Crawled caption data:
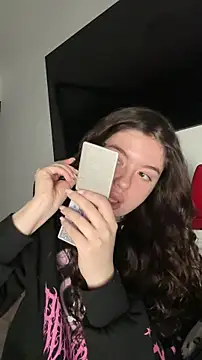 Kimi Ass online show from February 2026 12:43:02 PM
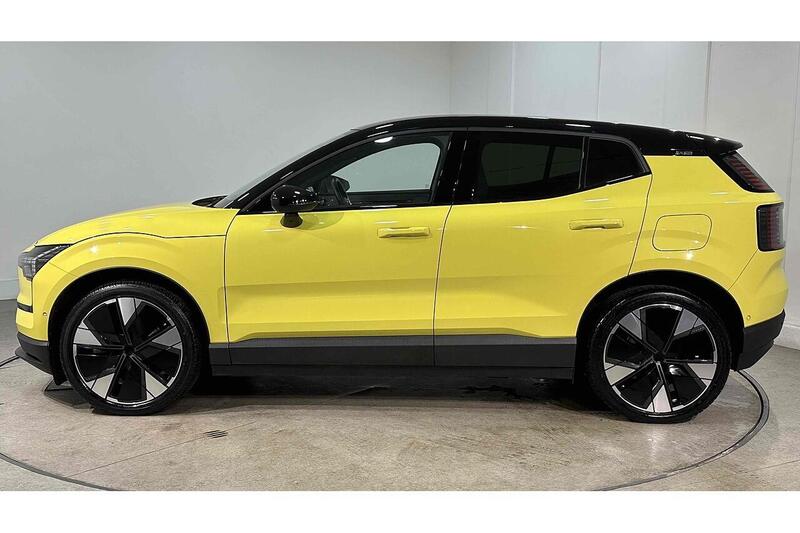 Volvo EX30 Twin Performance 69kWh Ultra SUV 5dr Electric Auto AWD (428 ps) - U292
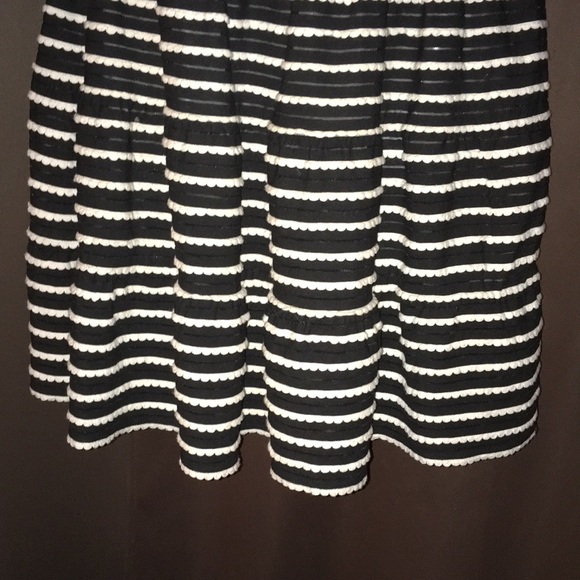 EUC MAX Studio Black and Cream Ribbed Dress - Picture 3 of 6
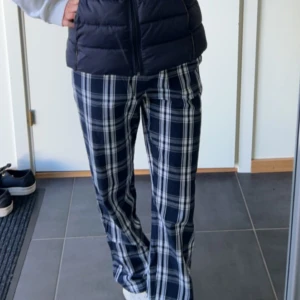 Blå och vita pyjamasbyxor  - Säljer dessa blå och vita pyjamasbyxorna från ellos i storlek 158/164. De har blåa band i midjan, kan även skicka fler detalj bilder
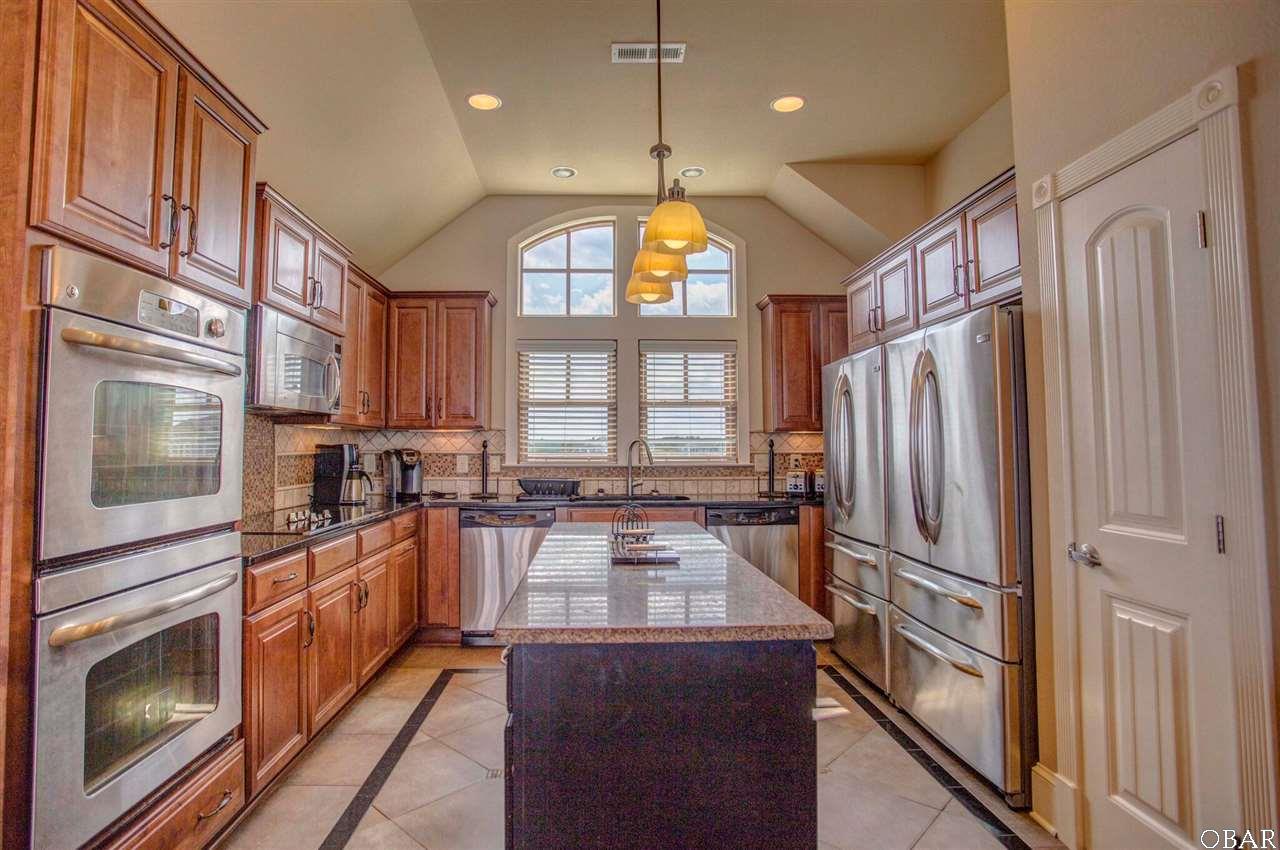 875 Lighthouse Drive, Corolla, NC 27927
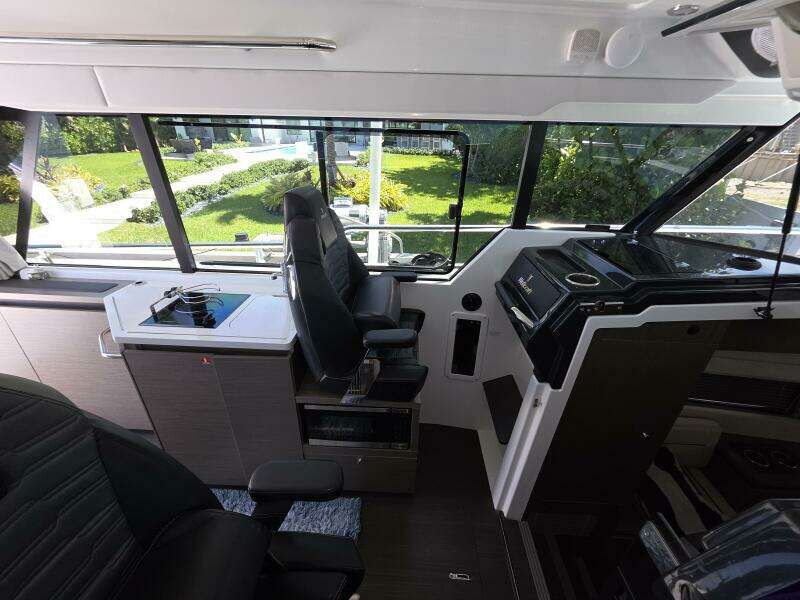 35ft Wellcraft Yacht For Sale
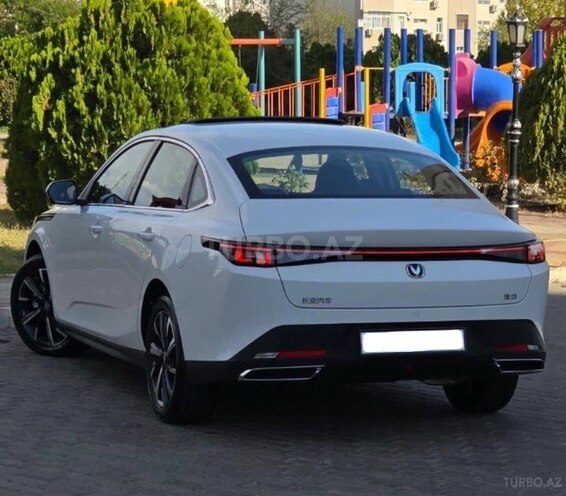 Changan Eado 2025, 36,000 km - 1.5 l - Bakı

- ASSIGNMENT -
Set down exactly, and only, the lines from the one holding "EUC MAX Studio" to the end of the records above, leaving every picture out.

- SOLUTION FOR THIS EXERCISE -
 EUC MAX Studio Black and Cream Ribbed Dress - Picture 3 of 6
 Blå och vita pyjamasbyxor  - Säljer dessa blå och vita pyjamasbyxorna från ellos i storlek 158/164. De har blåa band i midjan, kan även skicka fler detalj bilder
 875 Lighthouse Drive, Corolla, NC 27927
 35ft Wellcraft Yacht For Sale
 Changan Eado 2025, 36,000 km - 1.5 l - Bakı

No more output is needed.